901006

ブルージュ、天使の詩 ?

そりゃあ、2ヶ月も旅を続ければ色々なことが起る。

文字通りオーマイガーな事も多い。 が、神サマ(?)もそんな目にばかり遇わすのにもさすがに気がひけるのか 時には信じられないヘブンリー(by 花田裕之 …違うってば) なプレゼントをくれたりもする。 そして、それはいつも思いがけないかたちで。
“ワリィワリィ これでこないだのこと、カンベンしてくれる?”
とかいいつつウィンクのひとつでもしてるのかもね。

ベギンホフの修道院の塀の中へ一歩足を踏み入れると、 当然ではあるがそこは静寂が支配する世界へと変る。 そこかしこには Be Quiet の表示がある。 私はまたしても無い智恵絞って考える__ なぜに洋の東西を問わずこういう祈りの場は他所と空気が違うのでしょうか。 日本のお寺の本堂も夏でも涼し〜ぞ (→これは天井が高いからかもしれない)。 大概温度も少し低いし。

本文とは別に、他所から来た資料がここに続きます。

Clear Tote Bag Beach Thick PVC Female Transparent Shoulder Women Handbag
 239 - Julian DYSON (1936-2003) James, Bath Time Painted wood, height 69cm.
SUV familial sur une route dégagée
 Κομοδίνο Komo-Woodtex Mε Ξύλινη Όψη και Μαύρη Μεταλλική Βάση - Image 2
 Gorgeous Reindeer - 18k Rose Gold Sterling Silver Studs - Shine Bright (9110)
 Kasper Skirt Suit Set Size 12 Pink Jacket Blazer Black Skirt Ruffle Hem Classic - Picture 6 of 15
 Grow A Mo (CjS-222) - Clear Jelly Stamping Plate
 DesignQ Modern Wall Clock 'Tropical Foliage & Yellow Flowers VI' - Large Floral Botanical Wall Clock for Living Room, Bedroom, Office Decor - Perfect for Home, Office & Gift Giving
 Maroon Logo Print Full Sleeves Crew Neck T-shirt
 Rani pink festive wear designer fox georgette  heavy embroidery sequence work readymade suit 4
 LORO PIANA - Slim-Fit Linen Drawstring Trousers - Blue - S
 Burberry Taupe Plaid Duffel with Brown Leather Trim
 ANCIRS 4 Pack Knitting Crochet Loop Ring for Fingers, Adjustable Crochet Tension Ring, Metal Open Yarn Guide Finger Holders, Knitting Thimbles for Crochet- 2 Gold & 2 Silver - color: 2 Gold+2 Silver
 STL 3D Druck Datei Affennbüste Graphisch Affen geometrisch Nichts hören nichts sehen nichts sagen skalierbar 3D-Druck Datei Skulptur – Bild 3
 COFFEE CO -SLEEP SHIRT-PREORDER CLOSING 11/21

美しく手入れされた芝生の中に ポツリポツリと適度な間隔でもって樹木が植えられている。 それらの樹木は豊かに繁りやがて朽ちて舞い落ち、同時にまた新たに繁る、 そんな終わりないサイクルを黙々続けている。 毎日、生まれては死に、死んでは生まれということなのかもしれない。 そんな わりとどうでもよい考察をよそに、 芝の上には朽ち落ちた黄色い葉たちが緩やかなグラディションを造っている。

ふとみやると芝の中に造られた小道をシスター達が列をなして歩いている。 まるでヨーロッパ映画みたい♪→オオボケ
かと思うと、おおよそこの場に不似合いなボロい建物が。 なにやら改築工事中らしい。が、かなり古びている。

なんじゃ、こりゃ?
まっ、いいか。ついでに入ってみよう。

ケルンよりの使者

えっ?! なにっ?!    声が聴こえる…。   それも唄う声だ。

どうやって信じろ、というのだ。この状況。 神様ヘルプ (by チェッカーズ…だから違うっていうのに)。 なんだ、なんだ、あの揃いの衣装着て口をパクパクさせてる坊やたちは!

なんてこった…。マジかよ…。 聖歌隊のコンサートの真っ最中じゃねぇーかっ。

ボロすぎて判らなかったが、ここは聖堂だったらしい。 けっして広くはないが(というよりはっきりいって狭い) その中をボーイソプラノが木霊して響き渡る。 Natural Echo というやつ。 少年合唱団なのだろ〜か__。 いや、後列には数少ないが青年とオヤジら成年の部らしき団員も見うけられる。 多分、少年の部OBなのかもしれない(推測)。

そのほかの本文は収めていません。